- What you have to do: Once the images are set aside, write out the rest of the records exactly.

Segment Open

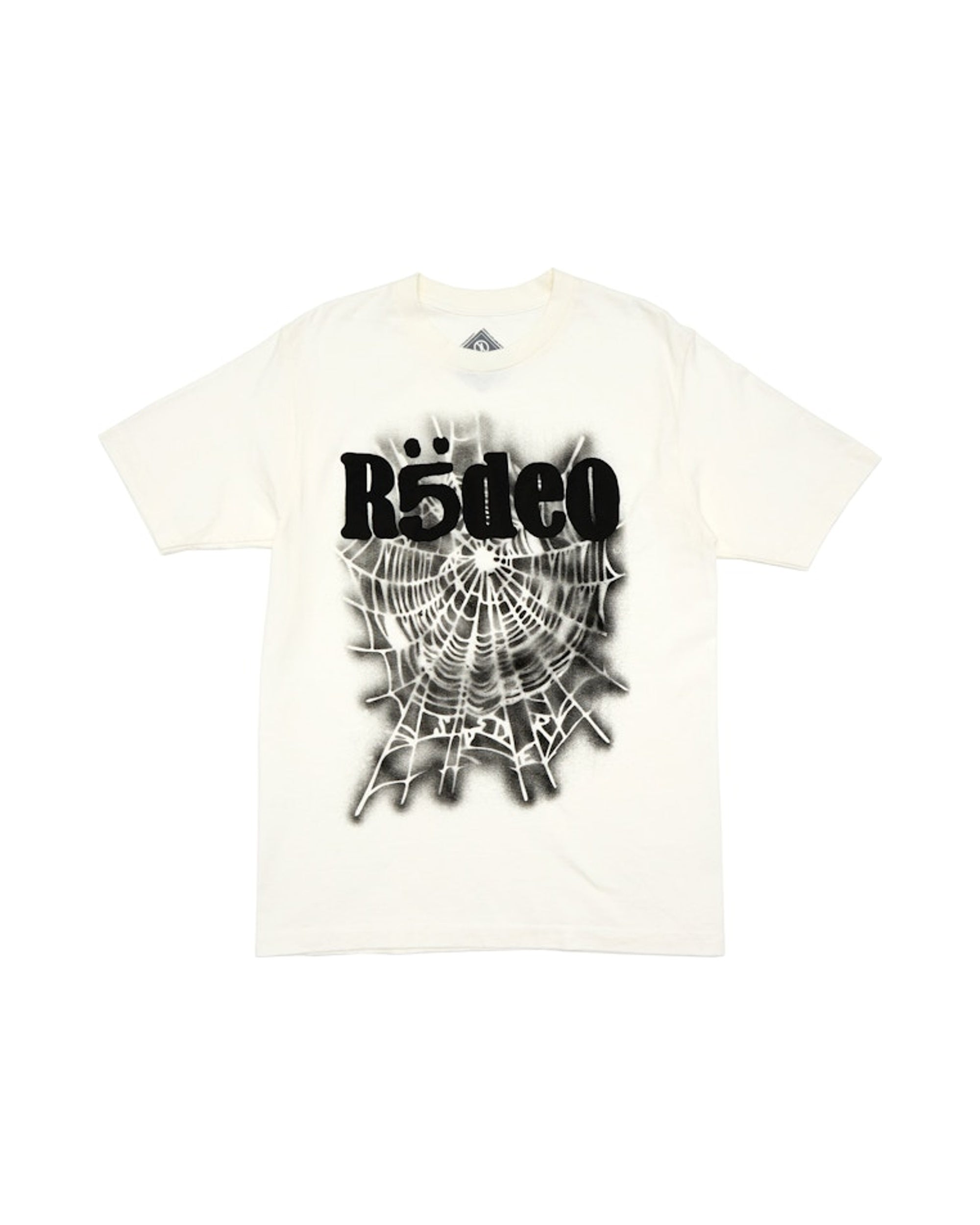 Travis Scott Cactus Jack x Sp5der Days Before Rodeo III Tee White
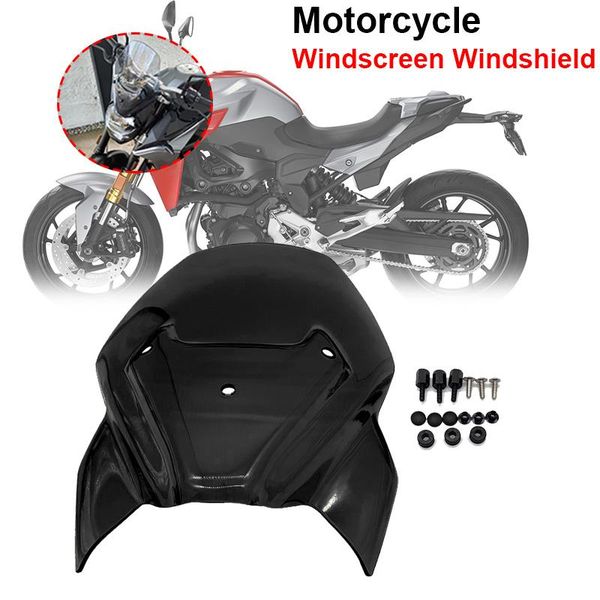 

motorcycle windshield f900r windscreen deflector protector for f900 f 900 r 900r 2021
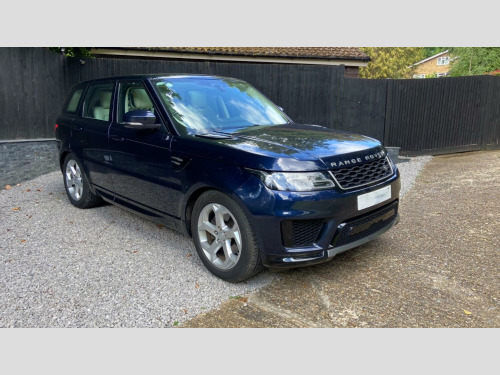 Land Rover Range Rover Sport  3.0 SD V6 HSE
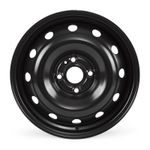 New 15 X 4.5 Inch Replacement Wheel Rim for Citroen C1 & Peugeot 108 2014-2022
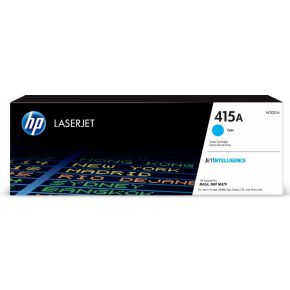 HP 415A Toner Cyaan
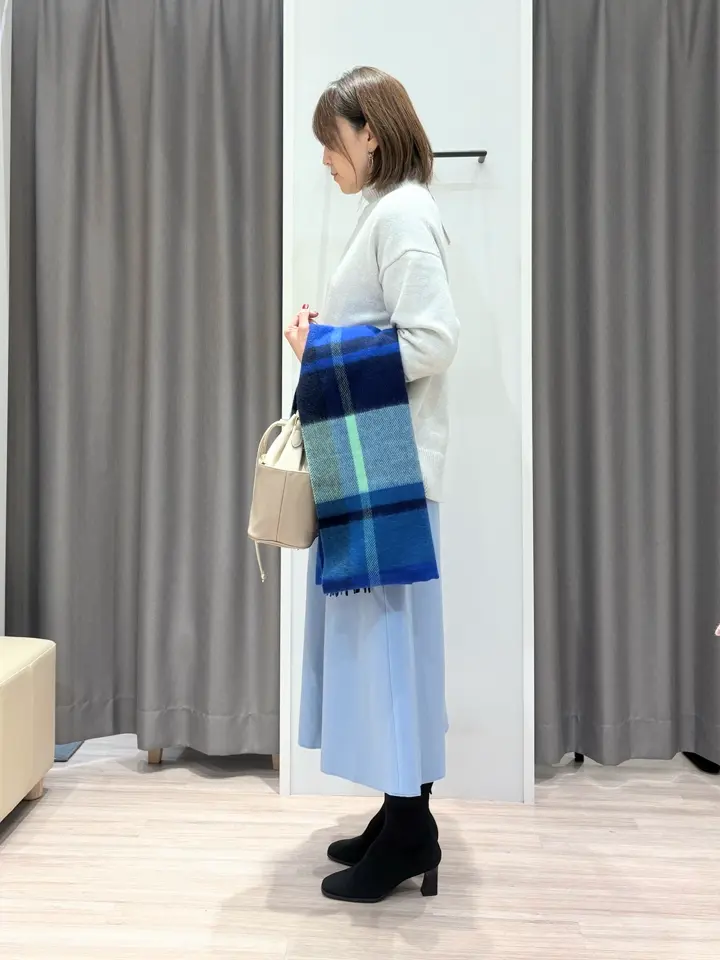 ONWARD CROSSET SELECT 田中 コーディネート画像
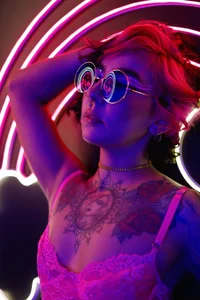 Evangelyne_1 Urban Session ♥ Immagine  9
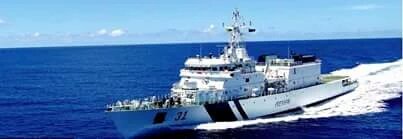 indiatimes's tweet photo. Indian Coast Guard saved 398 lives in 2015, let's salute its courage on its 39th anniversary. @adgpi https://t.co/RGBMeo4ta6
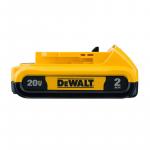 Аккумулятор Dewalt DCB203-A9 20V 2.0Ah - фото 3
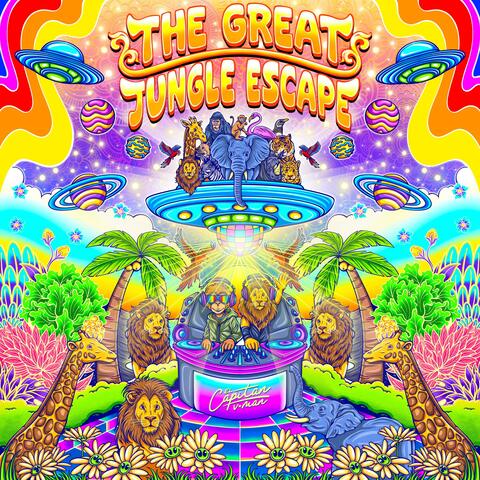 The Great Jungle Escape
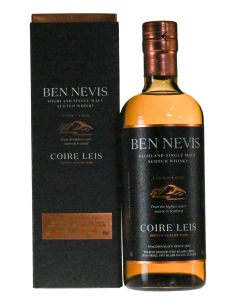 BEN NEVIS - COIRE LEIS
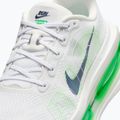 Кросівки для бігу чоловічі Nike Vomero Premium white/green spark/midnight navy 7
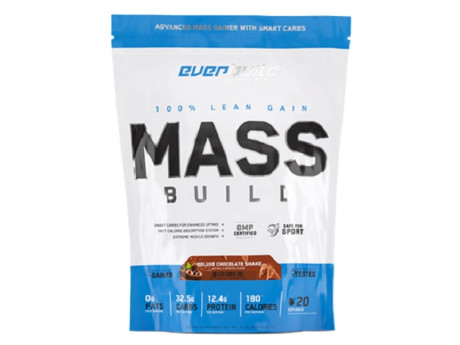 Mass Build Gainer Everbuild 1кг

Segment Closed

- Your response:
 Travis Scott Cactus Jack x Sp5der Days Before Rodeo III Tee White

motorcycle windshield f900r windscreen deflector protector for f900 f 900 r 900r 2021
 Land Rover Range Rover Sport  3.0 SD V6 HSE
 New 15 X 4.5 Inch Replacement Wheel Rim for Citroen C1 & Peugeot 108 2014-2022
 HP 415A Toner Cyaan
 ONWARD CROSSET SELECT 田中 コーディネート画像
 Evangelyne_1 Urban Session ♥ Immagine  9
 indiatimes's tweet photo. Indian Coast Guard saved 398 lives in 2015, let's salute its courage on its 39th anniversary. @adgpi https://t.co/RGBMeo4ta6
 Аккумулятор Dewalt DCB203-A9 20V 2.0Ah - фото 3
 The Great Jungle Escape
 BEN NEVIS - COIRE LEIS
 Кросівки для бігу чоловічі Nike Vomero Premium white/green spark/midnight navy 7
 Mass Build Gainer Everbuild 1кг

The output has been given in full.